* [ASSIGNMENT]: Exclude the pictures and reproduce exactly the lines that run from the one holding "this 730×411 image." to the end of the entries below.

◆ ◆ ◆ ◆ ◆

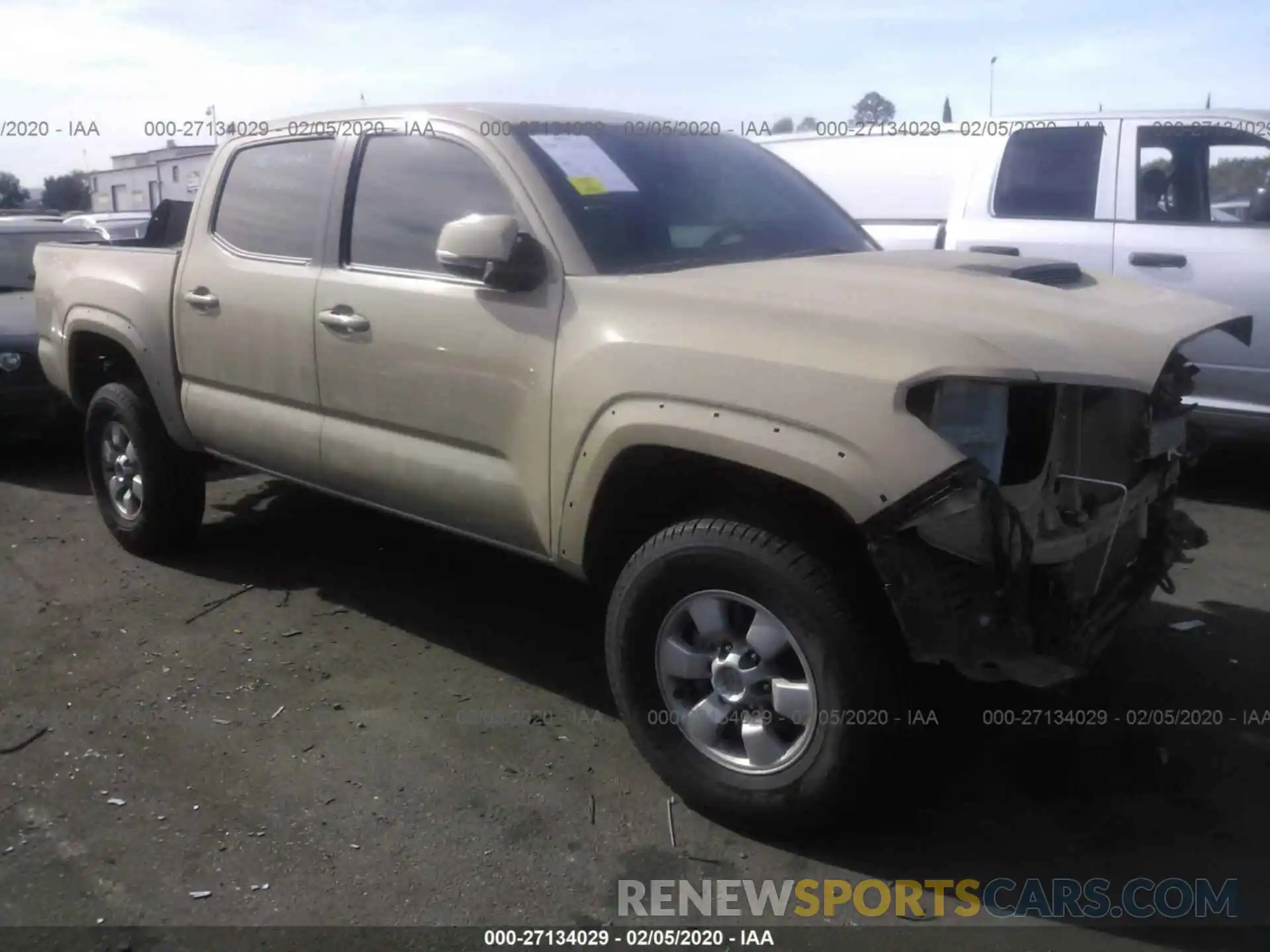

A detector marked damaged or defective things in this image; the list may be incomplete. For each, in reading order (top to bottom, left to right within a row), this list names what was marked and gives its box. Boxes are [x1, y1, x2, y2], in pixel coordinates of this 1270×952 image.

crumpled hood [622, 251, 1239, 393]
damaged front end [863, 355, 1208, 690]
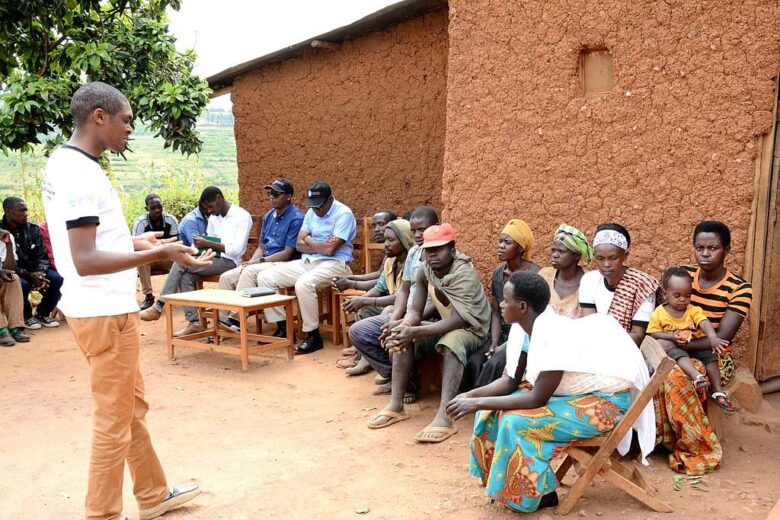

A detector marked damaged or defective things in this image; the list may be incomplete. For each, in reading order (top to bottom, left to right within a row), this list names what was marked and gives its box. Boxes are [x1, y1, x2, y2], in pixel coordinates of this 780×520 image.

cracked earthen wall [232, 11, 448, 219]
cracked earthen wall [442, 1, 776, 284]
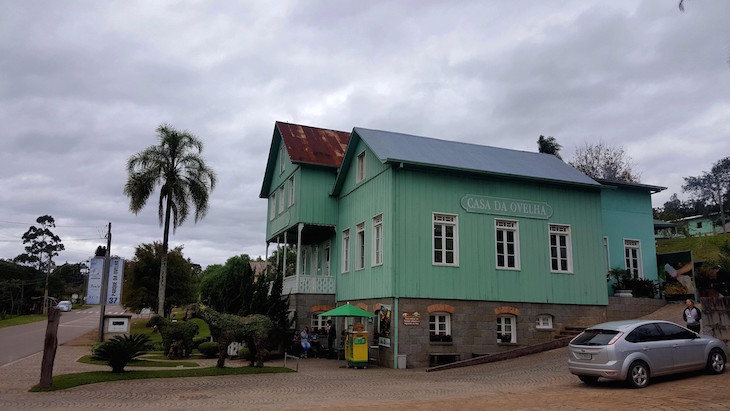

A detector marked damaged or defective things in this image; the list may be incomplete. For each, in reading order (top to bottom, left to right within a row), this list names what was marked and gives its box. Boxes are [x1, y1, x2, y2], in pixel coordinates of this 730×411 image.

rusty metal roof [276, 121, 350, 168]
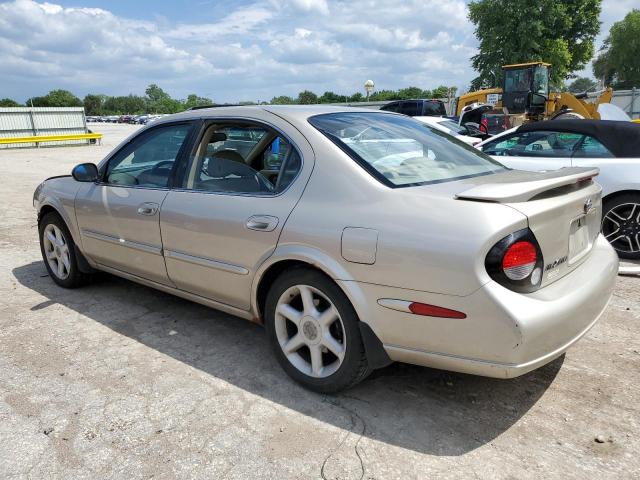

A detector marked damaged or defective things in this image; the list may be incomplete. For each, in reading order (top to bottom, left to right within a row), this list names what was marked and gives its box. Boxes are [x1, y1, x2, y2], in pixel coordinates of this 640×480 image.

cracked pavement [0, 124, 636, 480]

◆ ◆ ◆ ◆ ◆

* [RESPONSE AREA]:
A detector marked damaged or defective things in this image; the list may be incomplete. For each, in reading order (top to bottom, left to right within a row), this list names what was marked and gives its box. Boxes are [x1, y1, x2, y2], in pixel coordinates of this 730×411 image.

rusty metal roof [276, 121, 350, 168]

A detector marked damaged or defective things in this image; the list may be incomplete. For each, in reading order (top to bottom, left to right within a row), this list names what was marked and gives its box. Boxes are [x1, y1, x2, y2], in pixel coordinates of this 640×480 image.

cracked pavement [0, 124, 636, 480]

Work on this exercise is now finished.